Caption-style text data
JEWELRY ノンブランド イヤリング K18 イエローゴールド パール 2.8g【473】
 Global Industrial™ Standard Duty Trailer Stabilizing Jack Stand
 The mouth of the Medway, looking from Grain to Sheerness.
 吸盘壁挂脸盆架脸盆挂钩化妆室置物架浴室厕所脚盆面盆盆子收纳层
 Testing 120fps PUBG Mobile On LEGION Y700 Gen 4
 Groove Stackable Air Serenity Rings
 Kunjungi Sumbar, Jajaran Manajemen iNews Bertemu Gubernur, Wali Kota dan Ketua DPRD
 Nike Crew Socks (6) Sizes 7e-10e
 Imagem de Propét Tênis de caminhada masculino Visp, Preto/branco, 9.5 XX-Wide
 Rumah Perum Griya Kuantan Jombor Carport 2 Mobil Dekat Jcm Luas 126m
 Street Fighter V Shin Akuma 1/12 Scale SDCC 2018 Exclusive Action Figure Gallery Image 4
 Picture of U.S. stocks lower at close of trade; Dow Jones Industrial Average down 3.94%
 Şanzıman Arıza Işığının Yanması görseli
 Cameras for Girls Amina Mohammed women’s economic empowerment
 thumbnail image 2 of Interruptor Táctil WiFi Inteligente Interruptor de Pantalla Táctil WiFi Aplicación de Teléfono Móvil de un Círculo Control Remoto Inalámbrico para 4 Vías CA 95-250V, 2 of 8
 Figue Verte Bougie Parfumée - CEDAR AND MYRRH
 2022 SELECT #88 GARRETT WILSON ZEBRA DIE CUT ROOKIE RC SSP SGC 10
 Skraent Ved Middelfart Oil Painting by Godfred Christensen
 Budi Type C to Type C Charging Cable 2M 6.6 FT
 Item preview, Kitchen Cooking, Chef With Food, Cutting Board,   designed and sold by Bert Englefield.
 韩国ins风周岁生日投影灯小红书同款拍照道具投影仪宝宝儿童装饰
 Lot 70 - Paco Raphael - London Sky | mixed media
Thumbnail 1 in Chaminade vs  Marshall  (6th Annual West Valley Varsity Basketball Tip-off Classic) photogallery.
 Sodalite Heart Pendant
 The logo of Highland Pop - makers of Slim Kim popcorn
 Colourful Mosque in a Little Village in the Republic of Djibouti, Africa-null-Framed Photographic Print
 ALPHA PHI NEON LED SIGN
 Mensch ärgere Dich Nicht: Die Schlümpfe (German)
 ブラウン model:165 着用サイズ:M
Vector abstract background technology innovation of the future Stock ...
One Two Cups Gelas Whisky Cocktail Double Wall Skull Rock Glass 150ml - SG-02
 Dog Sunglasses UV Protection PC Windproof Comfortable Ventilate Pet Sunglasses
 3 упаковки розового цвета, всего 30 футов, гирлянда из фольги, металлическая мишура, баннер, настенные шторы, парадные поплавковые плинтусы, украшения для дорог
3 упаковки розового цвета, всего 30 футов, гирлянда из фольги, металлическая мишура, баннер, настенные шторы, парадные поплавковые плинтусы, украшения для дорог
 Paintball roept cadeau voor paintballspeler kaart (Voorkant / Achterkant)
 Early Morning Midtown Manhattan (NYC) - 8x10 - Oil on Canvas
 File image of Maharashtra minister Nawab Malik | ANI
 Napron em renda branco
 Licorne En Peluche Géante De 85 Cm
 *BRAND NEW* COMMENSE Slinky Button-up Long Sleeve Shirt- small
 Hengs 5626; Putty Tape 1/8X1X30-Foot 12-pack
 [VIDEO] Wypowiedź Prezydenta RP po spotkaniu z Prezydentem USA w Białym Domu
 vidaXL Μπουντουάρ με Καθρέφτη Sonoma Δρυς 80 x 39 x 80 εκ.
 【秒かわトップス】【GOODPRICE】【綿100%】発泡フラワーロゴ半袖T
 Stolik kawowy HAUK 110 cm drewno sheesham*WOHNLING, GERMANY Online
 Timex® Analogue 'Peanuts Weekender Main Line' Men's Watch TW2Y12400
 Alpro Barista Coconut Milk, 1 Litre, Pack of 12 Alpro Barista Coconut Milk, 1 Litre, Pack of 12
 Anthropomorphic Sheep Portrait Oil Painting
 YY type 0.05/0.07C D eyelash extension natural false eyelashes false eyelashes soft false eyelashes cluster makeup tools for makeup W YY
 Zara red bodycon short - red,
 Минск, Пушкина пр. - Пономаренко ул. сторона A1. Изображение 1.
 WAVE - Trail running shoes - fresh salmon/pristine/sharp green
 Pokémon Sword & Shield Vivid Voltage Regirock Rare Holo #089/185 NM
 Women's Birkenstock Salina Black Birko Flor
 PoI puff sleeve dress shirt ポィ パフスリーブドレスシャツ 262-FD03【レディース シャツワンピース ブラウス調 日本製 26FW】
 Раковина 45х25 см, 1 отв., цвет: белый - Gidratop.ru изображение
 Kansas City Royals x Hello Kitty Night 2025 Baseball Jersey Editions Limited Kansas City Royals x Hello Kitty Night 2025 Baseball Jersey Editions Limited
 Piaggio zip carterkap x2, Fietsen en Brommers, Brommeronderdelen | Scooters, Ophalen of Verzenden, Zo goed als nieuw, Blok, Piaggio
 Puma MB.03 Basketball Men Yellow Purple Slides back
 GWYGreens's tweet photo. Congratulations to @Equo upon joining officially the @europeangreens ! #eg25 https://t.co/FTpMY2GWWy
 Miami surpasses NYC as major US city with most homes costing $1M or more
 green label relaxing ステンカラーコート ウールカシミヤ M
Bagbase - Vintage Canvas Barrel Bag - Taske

*Try it*.
Write out exactly the lines above from the line with "Dog Sunglasses UV" through the line with "Hengs 5626; Putty Tape 1/8X1X30-Foot 12-pack", both of them included, and leave out all other lines.

*Answer for this exercise*.
 Dog Sunglasses UV Protection PC Windproof Comfortable Ventilate Pet Sunglasses
 3 упаковки розового цвета, всего 30 футов, гирлянда из фольги, металлическая мишура, баннер, настенные шторы, парадные поплавковые плинтусы, украшения для дорог
3 упаковки розового цвета, всего 30 футов, гирлянда из фольги, металлическая мишура, баннер, настенные шторы, парадные поплавковые плинтусы, украшения для дорог
 Paintball roept cadeau voor paintballspeler kaart (Voorkant / Achterkant)
 Early Morning Midtown Manhattan (NYC) - 8x10 - Oil on Canvas
 File image of Maharashtra minister Nawab Malik | ANI
 Napron em renda branco
 Licorne En Peluche Géante De 85 Cm
 *BRAND NEW* COMMENSE Slinky Button-up Long Sleeve Shirt- small
 Hengs 5626; Putty Tape 1/8X1X30-Foot 12-pack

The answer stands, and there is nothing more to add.